N.P.: “Rocket Scientist (feat. Eve)” – Teddybears

Today was absolutely ludicrous, dear reader.  Had an assignment dropped on me mid-morning and had to do 2 weeks of work in 4 hours.  Which, of course, I did.  But I think I’m spent for the day.  I’ll rest my eyes a bit and write tonight.

N.P.: “Cavalry in Thousands” – Tengger Cavalry

Screaming passengers continue to be a problem.  It’s been a recurring issue for the last 5 years whenever I’ve had passengers while I’m driving, which is, thankfully, rare.
I understand that riding with me can be an…intense experience.  But only for those who lack faith in my superior driving skills.  I am a professional, you know.  I’m also a bit of a fatalist when it comes to other people, so though I have no idea of the myriad choices you have been making your entire life, those choices have somehow led you to be sitting in my passenger’s seat while I’m going ridiculous speeds.
The screaming is a problem because I tend to be several steps ahead of any passengers, so when I’m looking over my left shoulder quickly to see if the lane is clear, it’s probably to avoid the thing that my passenger is only now about to notice.  But when she screams, it interferes with some pretty complicated math and physics that’s going on in real time at about 90 mph, when is not a good time to interfere with things.  Luckily for all parties concerned, I long ago learned to ignore the screams of passengers (keeping the stereo at inordinate volumes helps).  I forgive them, for they know not what they do.  I don’t even lecture or yell until we safely get to where we’re going, and then I gently point out that we have arrived safely and without actual incident and was all that screaming and bullshit back there really necessary.  Which is a perfectly reasonable question, I think.

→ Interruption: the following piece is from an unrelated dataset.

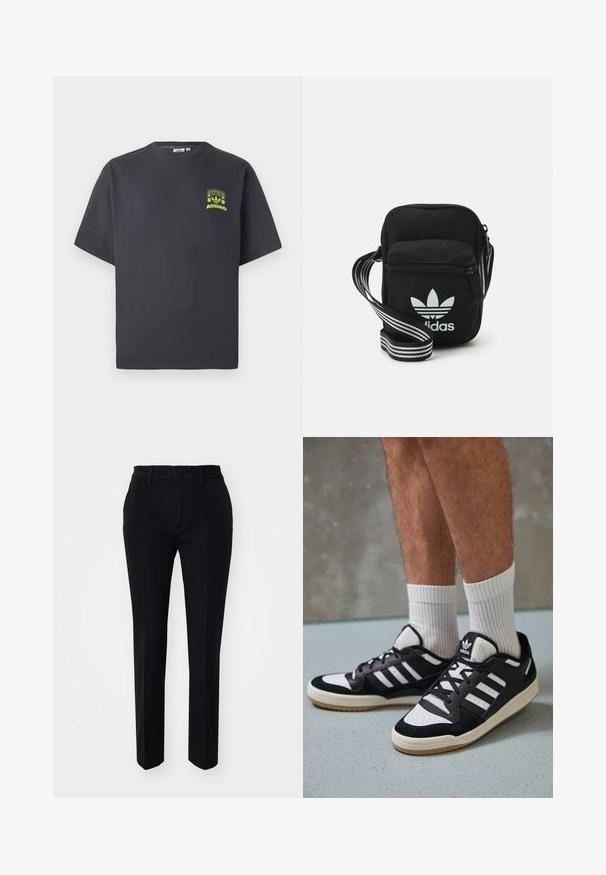 Charcoal gray Adidas T-shirt with short sleeves and a small neon green graphic of speakers, sun, and Adidas logo on left chest.; Black tailored trousers with a smooth fabric texture, straight legs, and angled side pockets. Simple waistband with belt loops, no visible patterns.; Black and white sneakers with a suede and leather upper, featuring three white stripes, a perforated toe, and a gum rubber sole.; Black fabric crossbody bag with a zipper closure, featuring a white Adidas logo and a striped adjustable strap for easy carrying.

N.P.: “Homeless in Heathrow” – Fartbarf

PRESS RELEASE
jaysongallaway.com
Anhedonia, CA 95666

FOR IMMEDIATE RELEASE: 07/12/2020

Obscure Irish-American Essayist’s Entire Weekend Ruined
At first thought to be just one day, but both days were ruined

Anhedonia, CA: Today, after an after-action review conducted by management at jaysongallaway.com, it was determined that two of writer Jayson Gallaway’s days, those being 7/11/20 and 7/12/20 respectively, were ruined due to negligence and dim-witted simplicity on the parts of others.  Details of the precise causes of the day ruination are not being made available by jaysongallaway.com, but one of the management members of the review team described the causes as “deeply personal.”
The author recently made headlines when he was charged in Mexican Federal Court with general villainy, mayhem, piracy, and the importation of dangerous animals for nefarious purposes.
Of the ruined days, Jayson had this to say in a brief interview: “I’m really in a state of disbelief about all of this.  I was really on a roll…it had been almost 50 days since that last time my day was ruined.  I didn’t see this coming at all.  Yesterday was bad…there was incompetence, and I had to yell at people.  That made me grouchy, and ultimately, my day was ruined.  Then, today, being brutally awakened by the fucking neighbor’s gardening service and their stupid blowers.  Fortunately, I had the insight to know to start drinking yesterday as soon as I’d figured out the day had been ruined.  So when today was ruined before I was even awake, I already had a jump on things, so it was easy to get drunk again without having to actually get out of bed.”
Both offending parties we issued violation tickets fining them $50 [these were cocktail napkins across which someone had written in crude Sharpie™, “U O Me $50 4 ruining my DAY!”].  Additionally, the neighbor’s gardening service was apparently pelted and barraged with last night’s empty whiskey bottles until they were forced to cease gardening and flee.
About jaysongallaway.com: jaysongallaway.com is allegedly some kind of literary website.  No one really knows what the hell goes on there.  The website has no official sponsors and has never even been considered for an award.